General feeding guidelines
Healthy nutrition, i.e. the quantity of the food and well-balanced portions divided over the entire day, is very important for your horse.
The correct ratio between roughage and concentrates is also very important. Every horse is unique, so we have to find the correct balance in his daily ratio: how much energy is my horse getting from his feed, and how much is he using for the maintenance of his condition and for his physical exertion?
“many physical problems in horses arise because of overfeeding!”
It is important that your horse gets sufficient structure-rich roughage every day, because roughage is usually more than 3/4th of his daily ration. Fiber is the basis of each and every daily ration. It keeps the intestines active, and promotes an optimal intestinal flora and the over-all health of your horse. The digestive system of your horse is designed for eating small portions constantly. When the digestive system is dormant for hours on end, and then suddenly must process large portions of food, it may result in problems such as colic.
In addition to sufficient roughage and small portions divided over the entire day, sufficient exercise is also very important.
As a basic rule we use the following guidelines
- If possible, use straw as the bedding in his stall
- Always provide sufficient fresh water
- Divide his daily ration in 3 or 4 portions per day
- Keep a regular feeding schedule
- Create a well-balanced roughage – concentrate ratio
- Make sure you feed high-quality roughage that smells fresh and is dust- and mold free
- Don’t feed too much!
This brings us to the following feeding guidelines
- The recommended amount of roughage is 1.0 to 1.5% of the bodyweight. A horse that weighs about 600 kg requires about 6 to 9 kg roughage per day.
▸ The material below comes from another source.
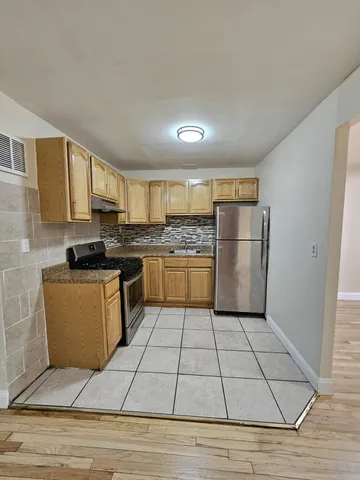 a kitchen with granite countertop a refrigerator and a stove top oven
The amount of grass intake during pasture time must be taken into account to determine the total amount of roughage
- The recommended amount of concentrates per day for maintenance and basic sport is 0 to 0.5 kg per 100 kg bodyweight
- The recommended amount of concentrates for (top) sport: 0.5 to 1.0 kg per 100 kg bodyweight
- The recommended amount of hay per day (no pasture time): 1.5 kg / 100 kg bodyweight
- The recommended amount of hay per day (with pasture time): 0.5 / 100 kg bodyweight
Tip: Weigh the daily ration of your horse to verify the amount you’re feeding.
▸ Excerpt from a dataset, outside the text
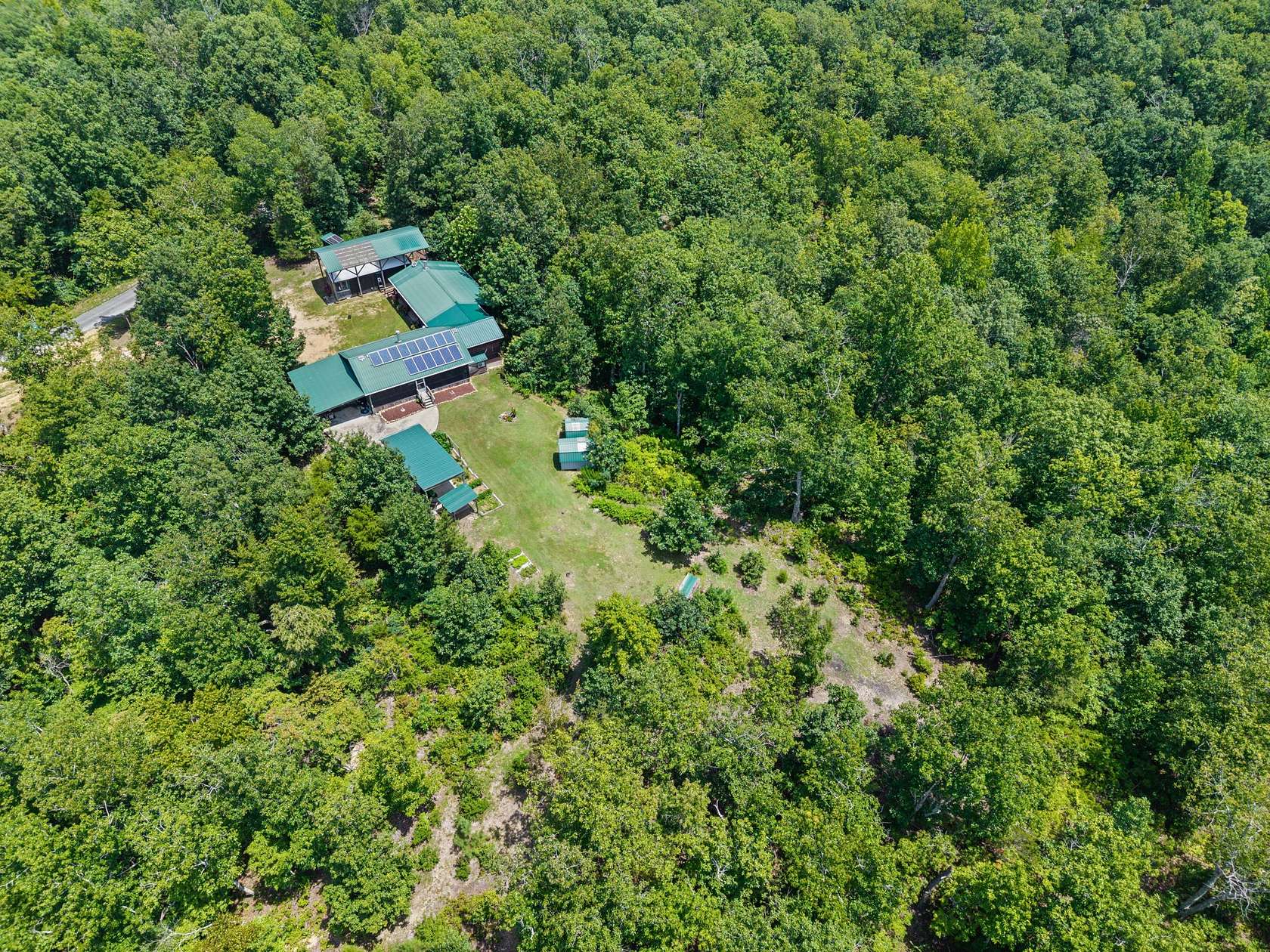 15.2 Acres of Land with Home for Sale in Linden, Tennessee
Breeds that are generally easy keepers, and cold bloods normally require fewer concentrates than other breeds. The exact amount always depends on the nature of the horse and his daily workload. When the horse has a day off work, start reducing his concentrates on the evening before (risk of tying-up).
Changes in the daily ration must be gradual and slow.
When a horse is gaining or loosing weight, the amount of concentrates and roughage must be adjusted. If your horse is on pasture and gaining too much weight, the recommended amount of concentrates can be reduced.
There is no such thing as an “average” horse. Use this advice as guidelines only and keep a close eye on your horse.